Stock buybacks hit a record $882 billion last year, and they may reach $1 trillion this year. The biggest corporations spend the most on buybacks. Thus Apple lavished $91 billion over the previous four quarters, according to The Wall Street Journal; Alphabet (Google), $55 billion; Meta (Facebook), $53 billion; Microsoft, $33 billion; and Bank of America, $21 billion.

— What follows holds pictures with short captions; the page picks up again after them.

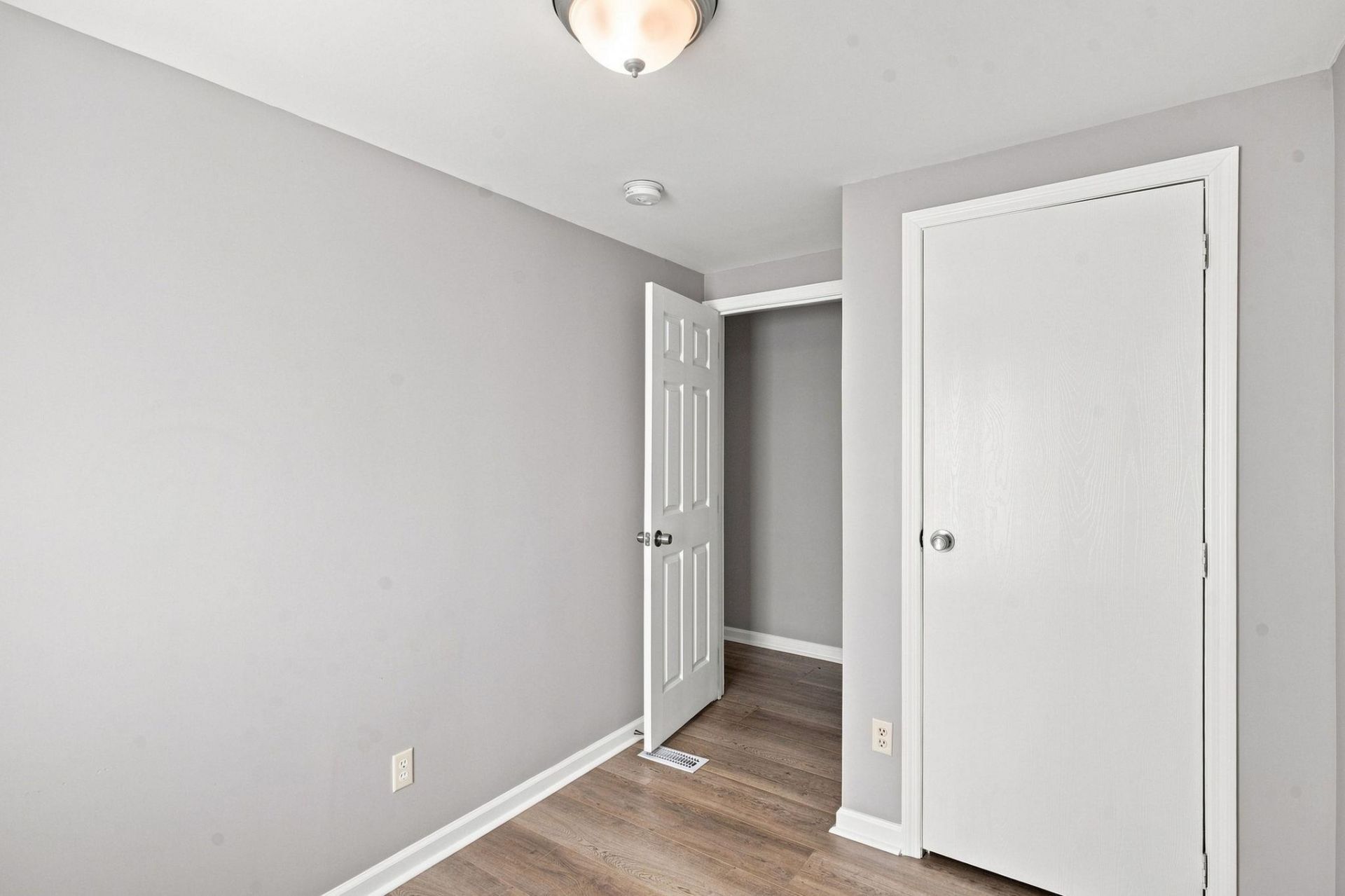 4660 Home Place Circle Photo 23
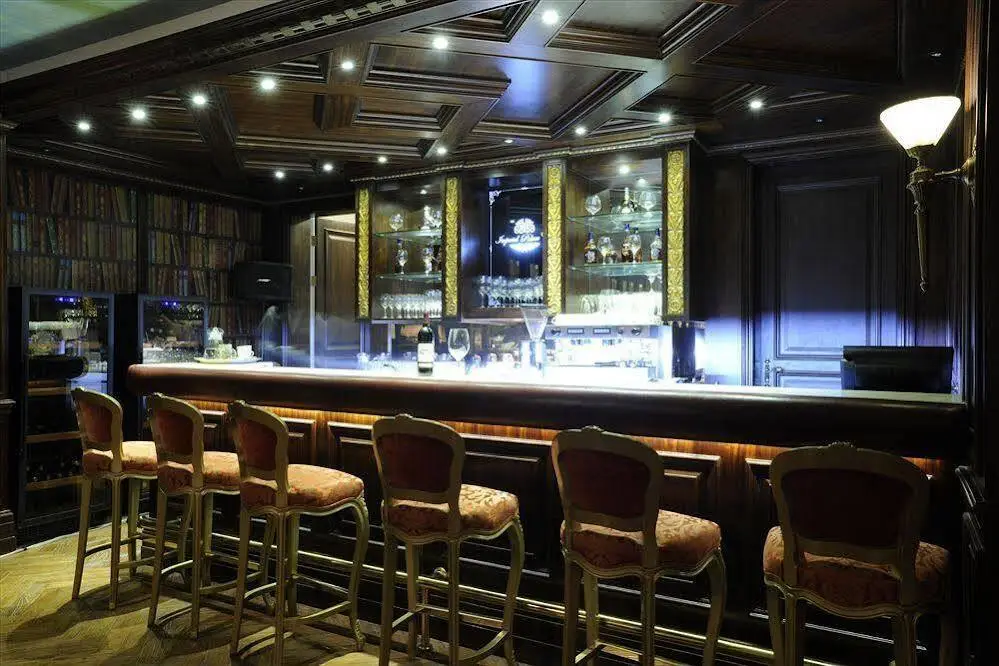 Шанхай: Imperial Palace Club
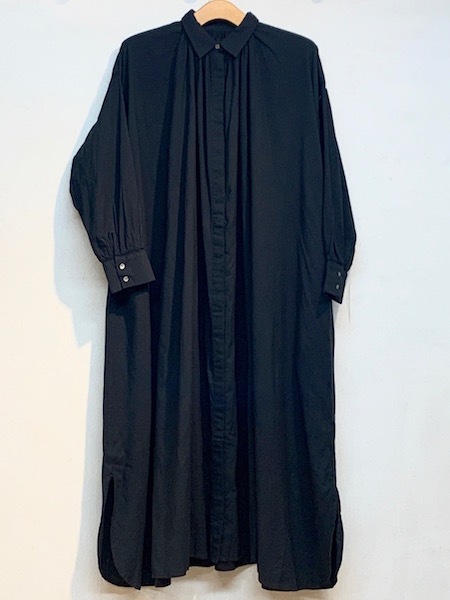 SALE maison de SOIL/᥾ɥ롡HEAVY COTTON KHADI WITH SELVAGE NECK GATHERED MAXI SHIRT DRESS WITH BELTINMDS20723[̵]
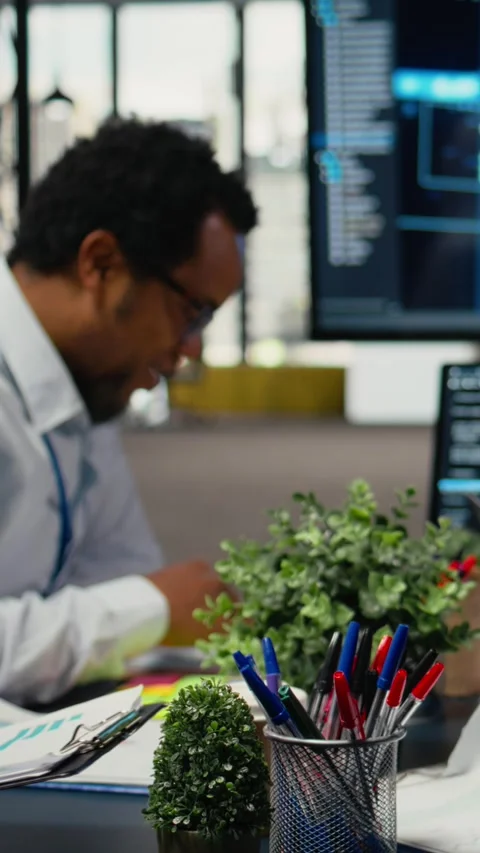 Vertical video Programmer shaking hand with businessmen in tech agency boardroom Stock Footage 323330256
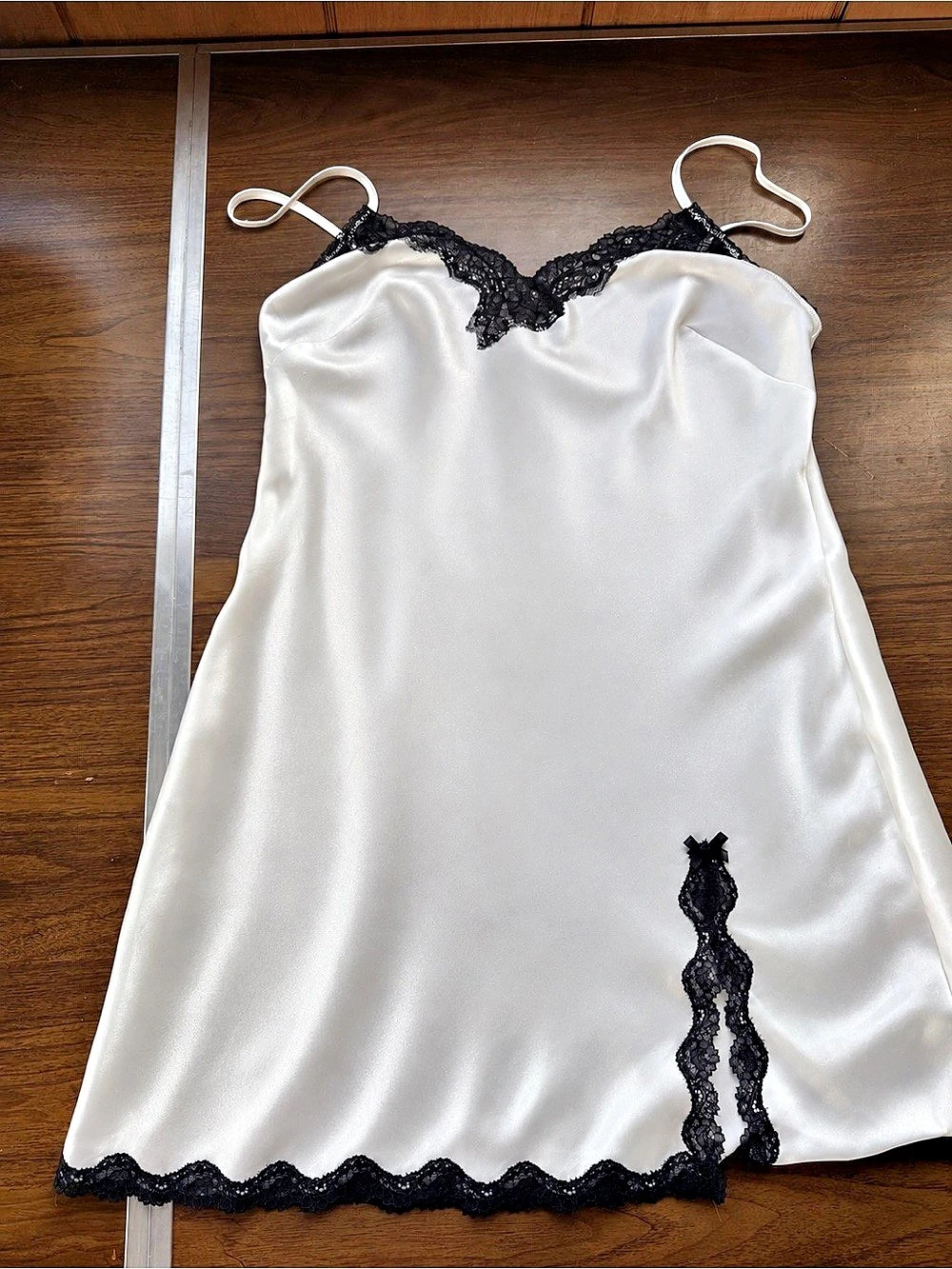 Victoria's Secret Lace Trim Chemise in White & Black Size Small NWT
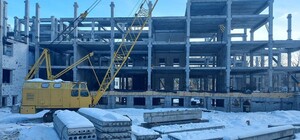 Строительство онкоцентра: подрядчику отказали, но он не хочет уходить и продолжает работу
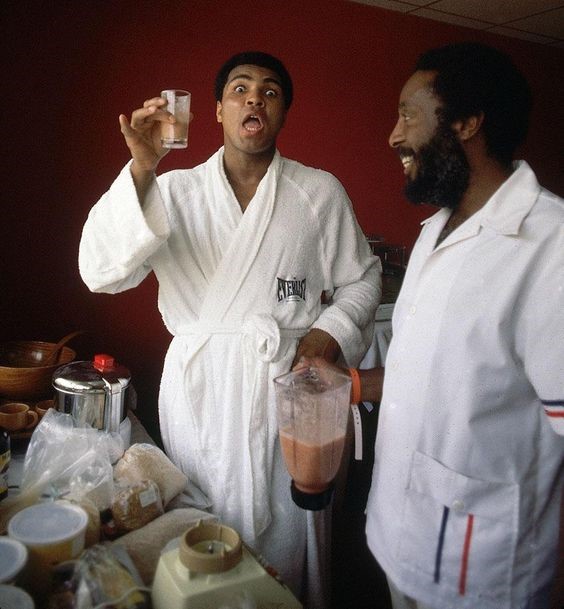 DICK GREGORY, TEACHING MOHAMMED ALI HEALTH TIPS IN 1971.png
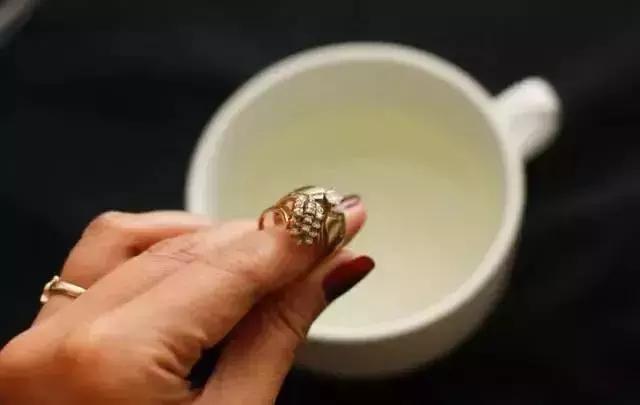 k金饰品氧化变色怎么清洗,k金配金首饰发黑了怎么清洗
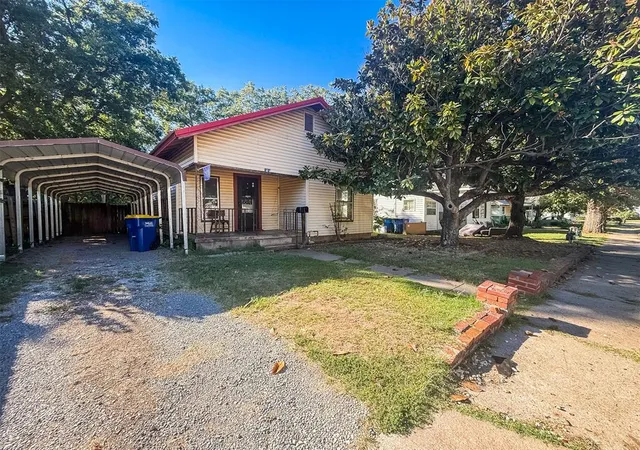 Single family home for sale at 1212 S Husband St, Stillwater, OK 74074 | MLS# 1252637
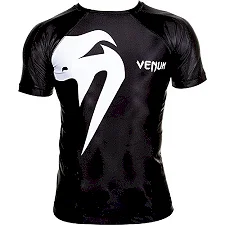 Рашгард VENUM Giant з коротким рукавом.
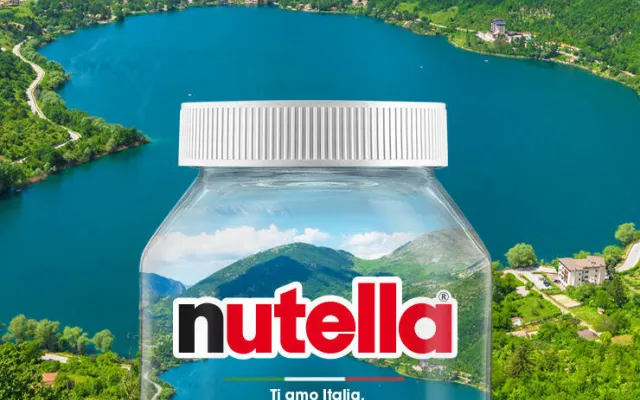 Barattolo di Nutella con Lago sullo sfondo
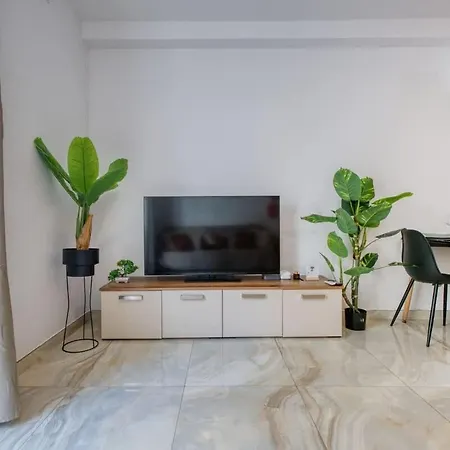 Apartment Thirtynine Bright Steps From Balluta Bay Sliema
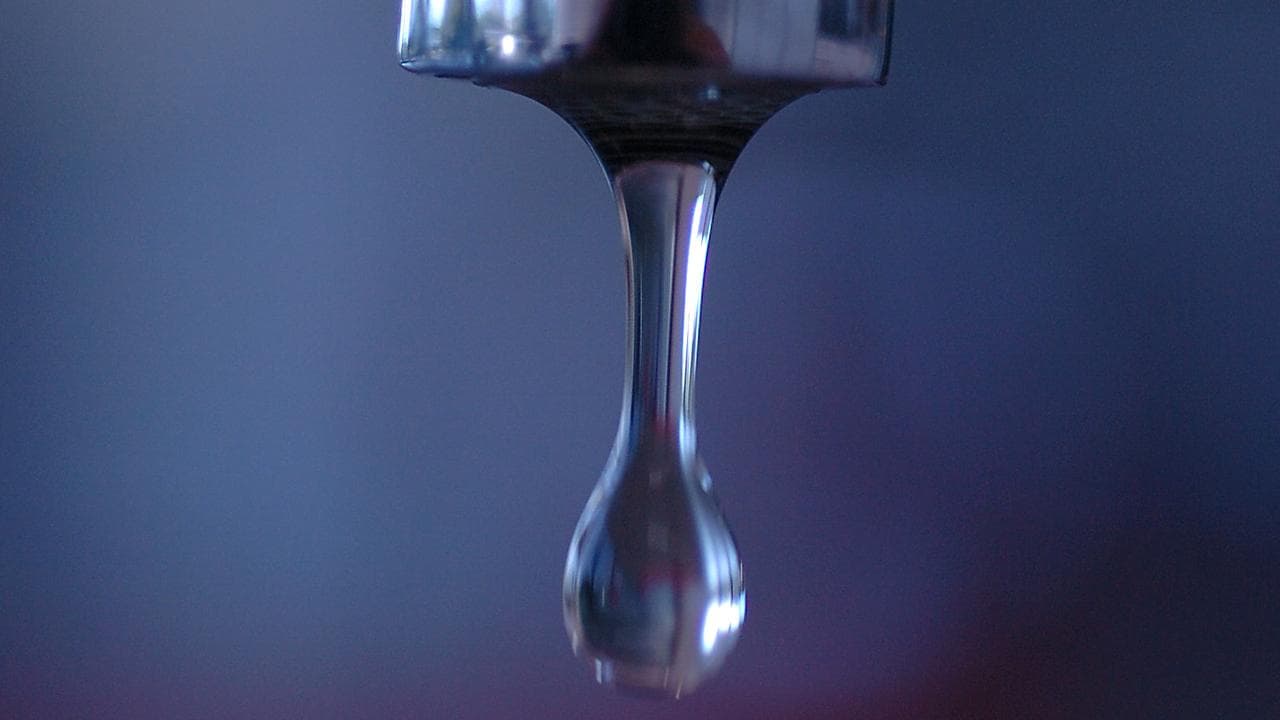 Dripping tap (file)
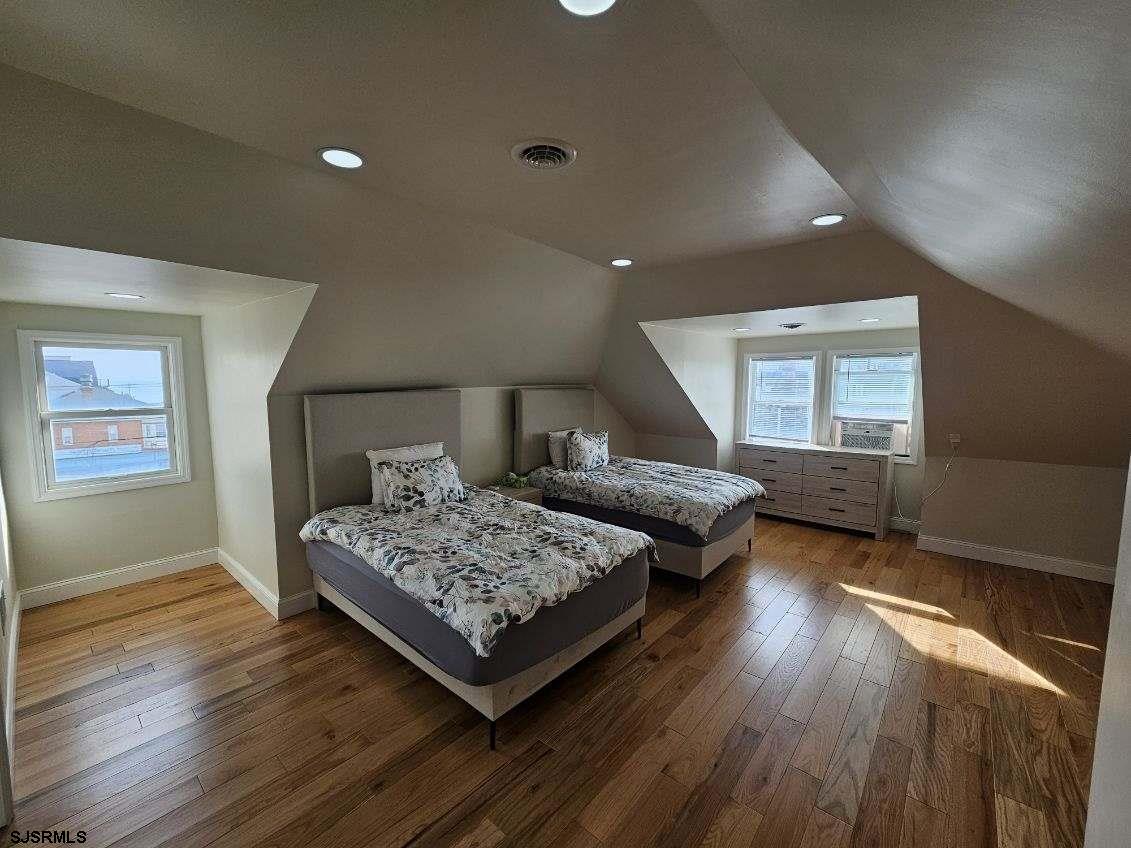 Ventnor, New Jersey 08406, United States, 6 Bedrooms Bedrooms, ,5 BathroomsBathrooms,Residential,Active,248108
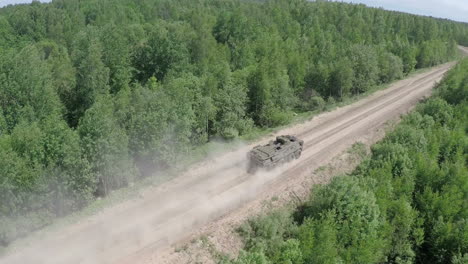 Überfliegen-Des-Militärfahrzeugs,-Das-Durch-Raues,-Bewaldetes-Land-Fährt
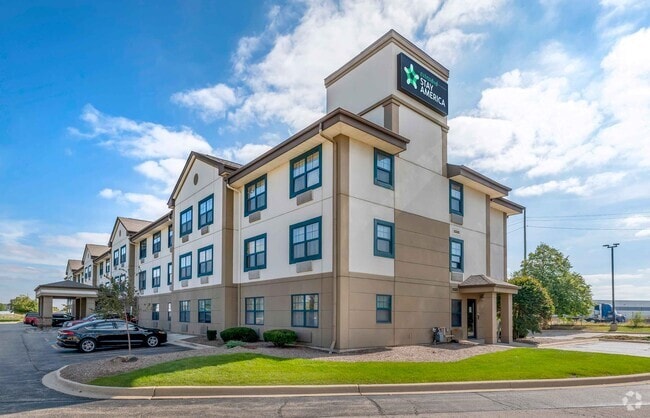 Building Photo - Furnished Studio-Chicago - Romeoville - Bo... Rental
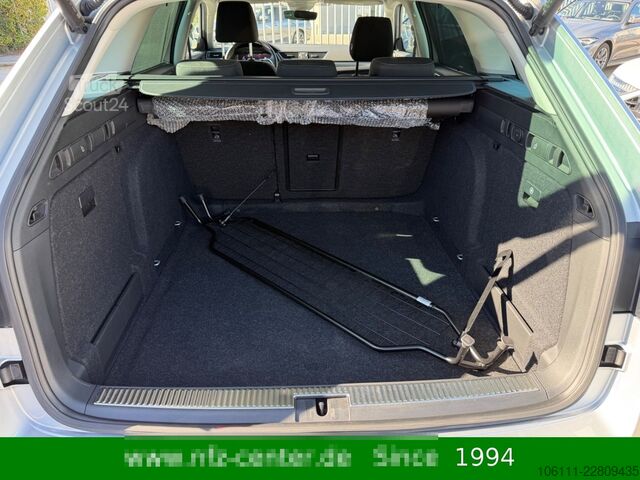 Minibus SKODA Superb Combi Style DSG Business Amundsen Kamera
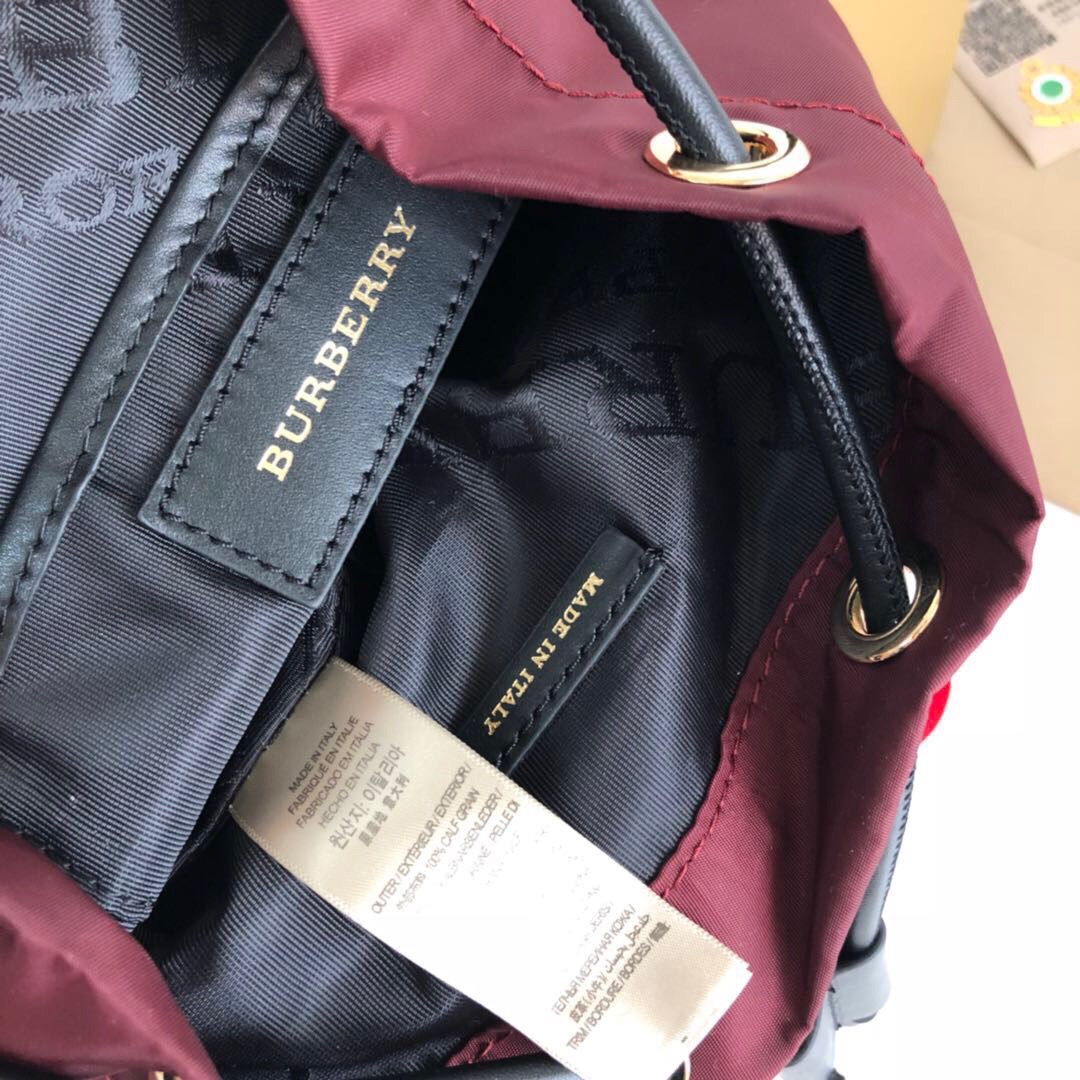 The Small Crossbody Rucksack in Nylon, 40759731, BURBERRY BACKPACKS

Until recently most buybacks were funded by corporate profits. A 2020 Harvard Business Review article reported that buybacks in 2018 gobbled up fully 68 percent of net income in the S&P 500. But even with corporate profits at record highs, earnings can no longer meet the voracious demand for buybacks. So a growing proportion of buybacks—one recent estimate put it as high as 56 percent— are now “leveraged buybacks” paid for with corporate debt. Corporations are going into hock so they can shower more cash on shareholders and their top executives.
The proposed excise tax on buybacks is only 1 percent, so its initial effect on this drunken binge will be minimal. Indeed, in the short term it will likely create an uptick in buybacks as some corporations accelerate buybacks to avoid the tax’s implementation in 2023. The initial proposal by Democratic Senators Sherrod Brown of Ohio and Ron Wyden of Oregon—Brown is the Banking Committee chairman, while Wyden leads the Finance Committee—was for a 2 percent tax on buybacks, which would have been better. Five or 10 percent would be better still.